Painting by Joshua Reynolds

Portrait of Elizabeth Kerr is a c. 1769 oil on canvas portrait painting by the English artist Joshua Reynolds. It is now in the Museo Soumaya in Mexico City.

It shows Elizabeth Kerr (née Fortescue), daughter of Chichester Fortescue (1718–1757), High Sheriff of County Down, Ireland. Reynolds also painted her at least twice between her marriage in 1762 and her husband's succession to the marquisate in 1775 – these half-lengths are on show at Blickling Hall and Fyvie Castle. John Spilsbury engraved the c.1769 work in 1770, though he altered a few details of the dress.

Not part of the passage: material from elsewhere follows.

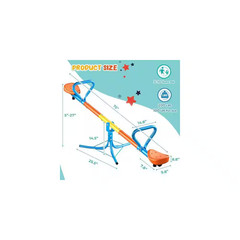 Kids Seesaw Teeter Totter Blue Outdoor Residential Freestanding Spin Toy for Age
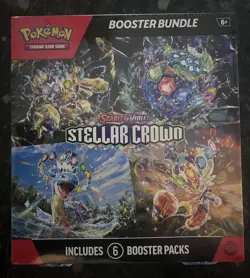 Pokemon TCG: Stellar Crown Booster Bundle - Brand New & Factory Sealed. - Image 1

The c. 1769 work was inherited by William and Elizabeth's seventh child and second son Lord Charles Beauchamp Kerr (1775–1816), who passed it to his own son Captain Beauchamp Kerr. Sometime before 1899 it came into the hands of one E. Beckett, who sold it to Agnew's that year. Agnew's sold it on four days later to George J. Gould, who bequeathed it to a private collector in Washington, D.C. That private collector then sold it at auction at Sotheby's New York on 9 June 2011, where it was bought by its present owner for $62,500 (then equivalent to £38,514).

==Description==
The subject is shown seated three-quarter-length, her hands resting in her lap and her right forearm resting on a table. She wears a dress influenced by the ancient Greek chiton and an overmantle of blueish silk, edged with ermine to reflect her noble status. Influenced by ancient Roman busts, her high and heavily-ornamented hairstyle was very fashionable for the time, with a single braid running over her right breast. Reynolds contrasts her white skin with a darker background Some art historians argue that the work complies with the "four principles of painting" outlined by Reynolds in his Discourses on Art, namely invention, colour, drapery and expression.